After writing this post about the importance of exposing kids to nature, I've been thinking more and more about the "how tos" of parenting. I know what I want for my children; I know what I dream for their lives and characters to look like, but how do I get from point A in my head to point B in real life? The nature issue seems a little simpler to me-- open the door and make them play outside, show them how to play outside and create. But here are a few other things I've been thinking about:
And then there is the reading thing. How do I create a space in which they become book lovers, devouring words and pages and cracking spines and meeting new characters and places? Can they fall in love with the act of reading and taste the words on their lips? How do I show them that reading will make them notice more, create more, learn more, think more, grow more, be challenged more? I can't make this happen. Or can I?

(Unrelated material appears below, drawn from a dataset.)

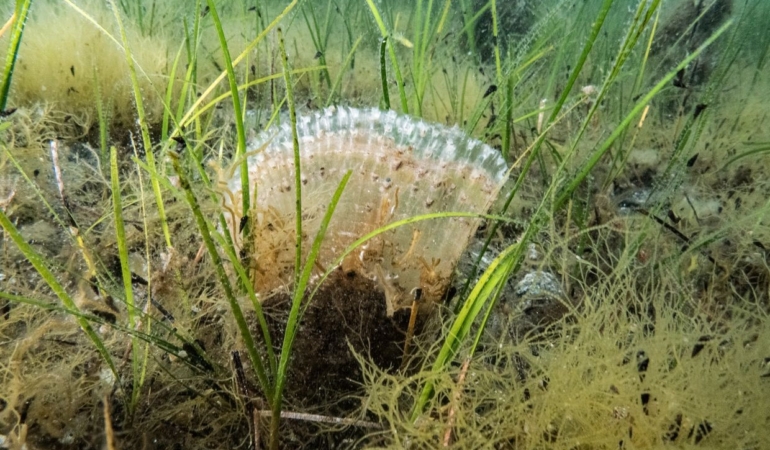 Marmara Denizi’nde kullanılan kaçak av aracı yakalandı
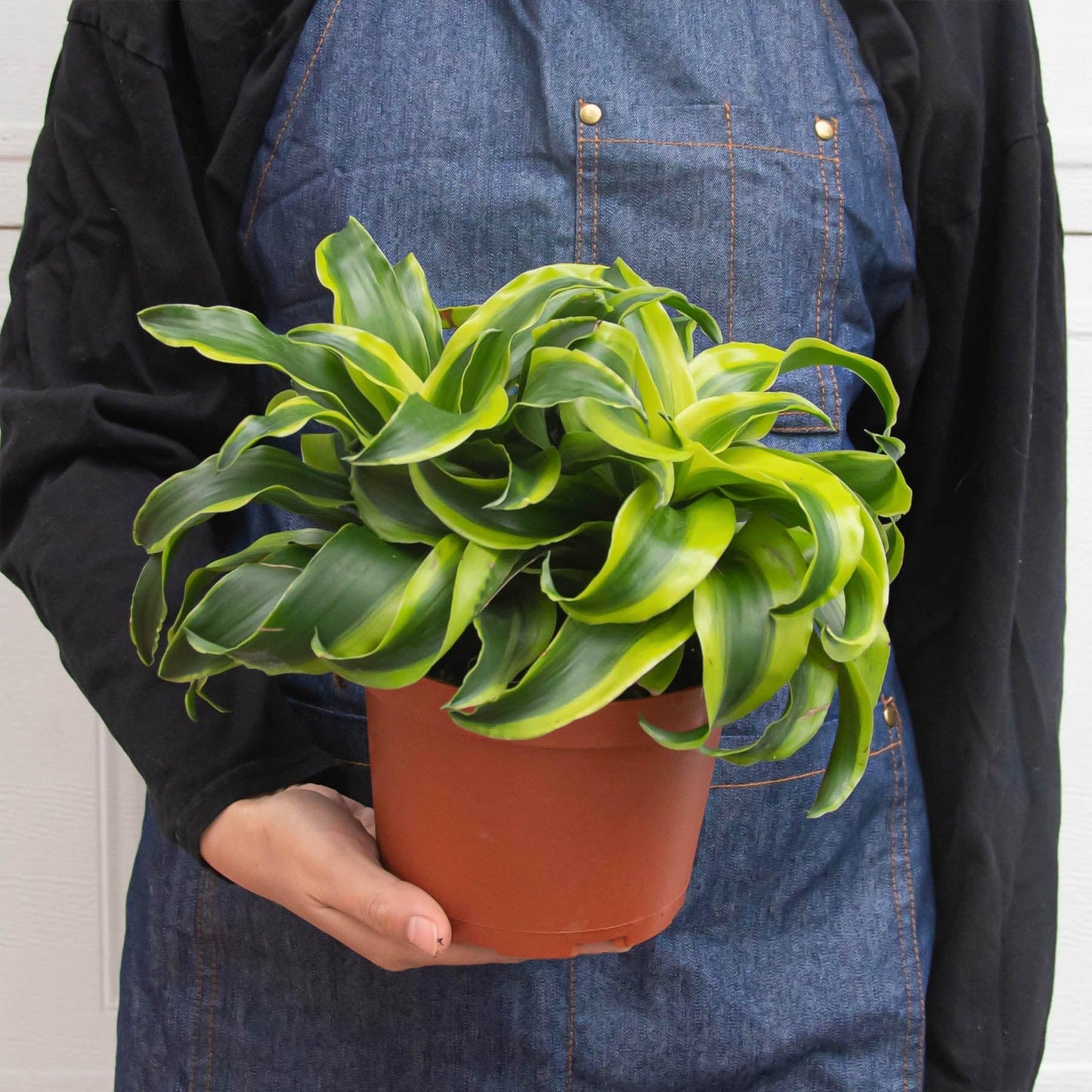 Dracaena 'Tornado' | Live Plant for Indoor & Outdoor | for Living Room, Office, Bathroom | (6" Pot)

But just like with nature, is it really just about getting out there with them? Showing them? Living it with them?
I want Blythe and Becks to have a close relationship. So do we just show them that, as a family, we enjoy spending time together? That we like to be with each other? Do I just let them see my relationship with Kali? Do we just point them to each other when they are wandering? Do we let them explore life together, and create joint experiences for them? There is no formula for this, but is it just in the living life with them?
And books? Reading? I know I can model that. I know I can read to them and with them and near them. I can surround them with books. I can empty their shelves of clothes and toys and we can live on words! But I can't force them to like it. So do I just show them the beauty of books, and let them roam around the pages on their own, and let the siren call of the printed words do their magic? There is no formula for this, but is it just in the exposure and joy?

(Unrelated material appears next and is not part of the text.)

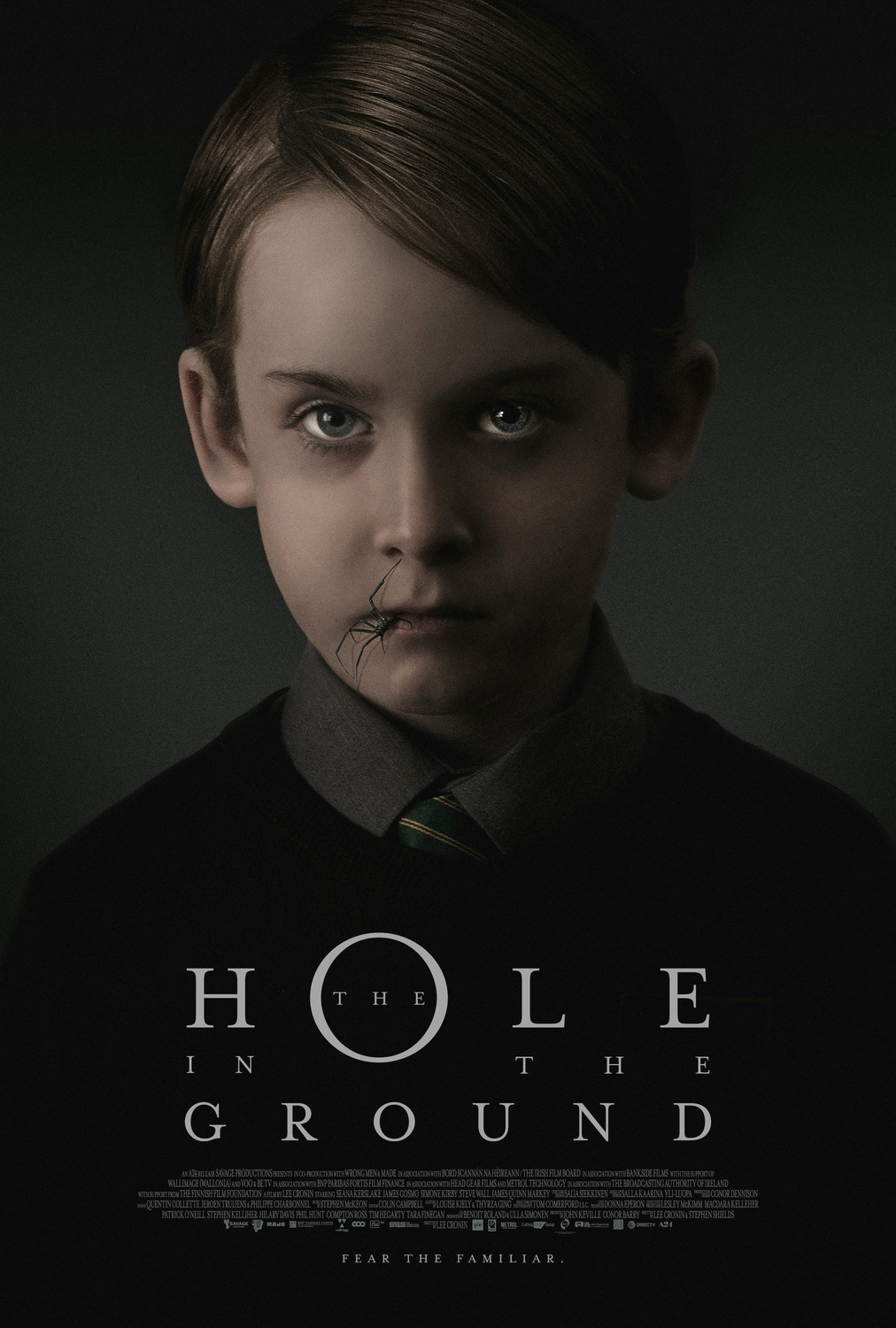 Extra Large Movie Poster Image for The Hole in the Ground (#1 of 5)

And Jesus. The stakes are high here. Is it just a combination of the rest of these? Do I open the door and let them romp around in His goodness at any opportunity? Do I just live life with Him, letting them see and hear and feel my journey with a good Savior? And do I fill their empty spaces with His love? Do I live like Jesus to them, with them, near them? Is it in the living life with Him, and in the exposure and joy? If I can introduce them, will they hear and see and feel and love for themselves?

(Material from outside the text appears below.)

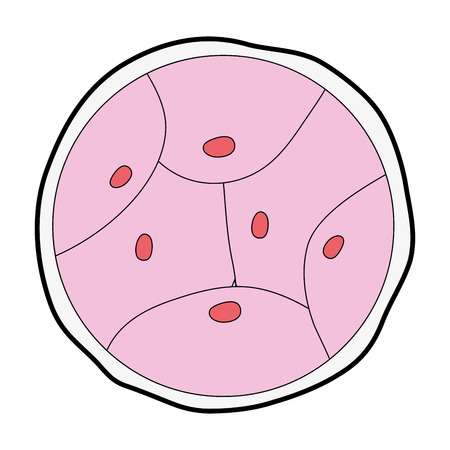 450x450 Collection Of Free Cellular Clipart Cell Division Download On Ui Ex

It's a big thing, this mothering business. If I had a how-to manual I would probably just feel the need to rebel against it, but sometimes it might be nice to be able to turn to the chapter on "How to teach your children humility," or "How to foster a healthy world view in your children raised in a small-town." Right now my days sometimes feel stuck in the little things-- in the pick-up-your-toys and eat-your-veggies and go-pee-in-the-potty and take-your-finger-out-of-your-nose kind of things. But I know, in the little slivers of time between baths and meals and time-outs, there are also opportunities to teach big things. And I'm muddling through them. I'm trying. I'm exposing. I'm praying.
I'm just trying to creating opportunities to romp in the grass, to love a sister, to read a book, to see Jesus, just as I try to get outside, love my own sister, read my books, and see Jesus for myself.